In Created for Such a Time as This (2020), two Native women convey kinship and autonomy. The painting foregrounds an urgent concern for McDaniel: the crisis of Missing and Murdered Indigenous Womxn—often described as “the Black Lives Matter of Native America”—and the persistent lack of justice when crimes by non-Native perpetrators fall outside tribal jurisdiction. The two seated Native American women—one wearing jeans, combat boots, and dentalium earrings; the other wearing a ribbon skirt and woven lavallière—both hold large apotropaic feathers and bear face coverings (McDaniel’s signature gesture to privacy) alongside traditional tattoos. Rendered jungle fauna, conch shells, and real pine tree branch tips surround the women-collapsing distinctions of space and borders, replacing them with a global sense of the inevitability of Indigeneity and its inseparability from the land.
Witnessing this percussive exhibition in southern Maine, I wondered whether this small, predominantly white community would be surprised by this decolonizing museum space. The town derives its name from the Abenaki “people of the dawn,” yet shows little acknowledgment of its Native origins—no placards commemorating original peoples, no Native people visible in the streets or working in the sundry tourist shops. Before tourists, the village attracted artists who established two opposing schools in the early twentieth century: the Ogunquit Summer School of Drawing and Painting, founded by Charles Woodbury, and the Ogunquit Summer School of Graphic Arts, the product of Woodbury’s student Hamilton Easter Field—both non-Native. Today, diverse audiences attend the New York–based artist’s show, but it appears the sun has, in fact, set on the first peoples of Ogunquit.

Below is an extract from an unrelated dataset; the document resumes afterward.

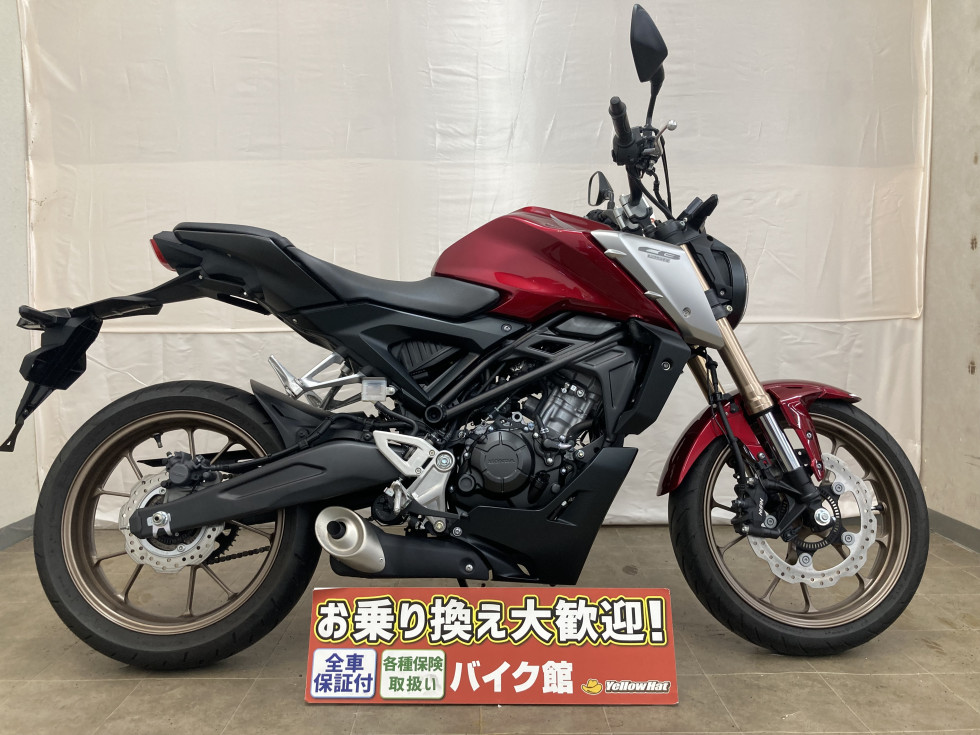 ホンダ CB125R ２０２１年モデルの詳細 | 中古・新車バイクの販売・買取【バイク館SOX】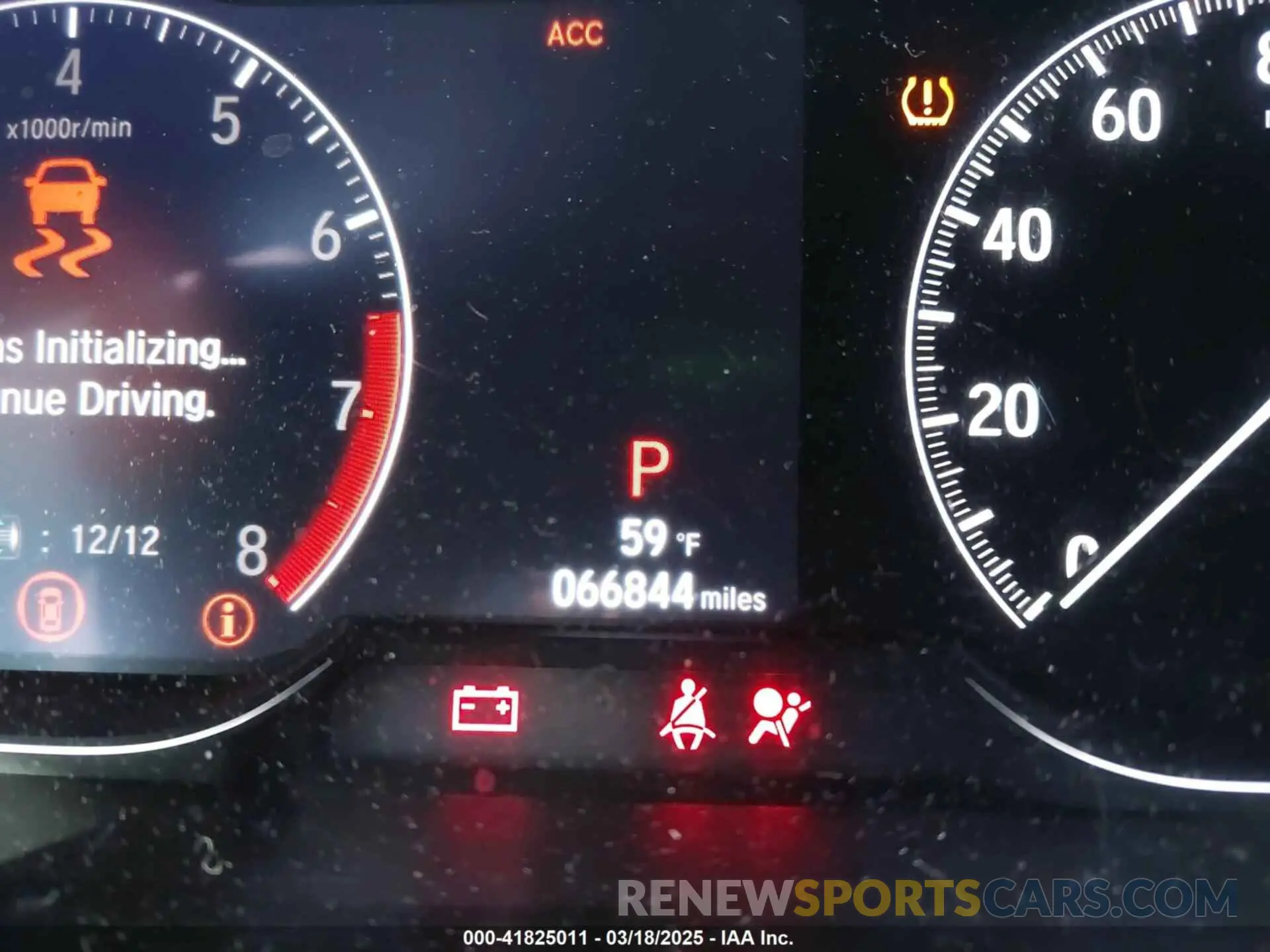 16 fotografías del automóvil dañado 1HGCV1F3XLA115078 HONDA ACCORD 2020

The only museum in Maine dedicated to American art, the Ogunquit has been curated for over three years by Devon Zimmerman, who is redressing the locale’s monolithic art culture of the past century. Similarly, McDaniel examines her own preconceptions by embracing a once-problematic color in her work: pink. The color, she told me, previously felt oppressive and symbolic of immutable gender expectations. But in her work, the rosy hue becomes less rigid, representing not a codified femininity, but instead gender fluidity, as seen in works like Prima, Nieta, Nåna: Pasifika Bailadora (2021), which depicts a woman—the cousin, granddaughter, and mother of the title—in a pink-and-green leaf-covered dress. Similarly, in Living more (2023), she interpolates pink into a male figure’s brown skin and the surrounding flowers, his side-reclined form with buttocks and face positioned toward the viewer.
In the sea-facing galleries of the Ogunquit Museum, McDaniel tells her CHamoru friends that they remain connected to the ocean, that the relationships persist between coastal peoples and the land, between past and present, and between survivors. Like the Ogunquit itself, the exhibition draws viewers in with its beauty: a heuristic that opens space for deeper reckonings. Perhaps someday the town will highlight its Abenaki origins as clearly as McDaniel illuminates the relationships between herself and her feminine subjects.
“Gisela McDaniel: ININA” is on view at the Ogunquit Museum of American Art through November 16, 2025.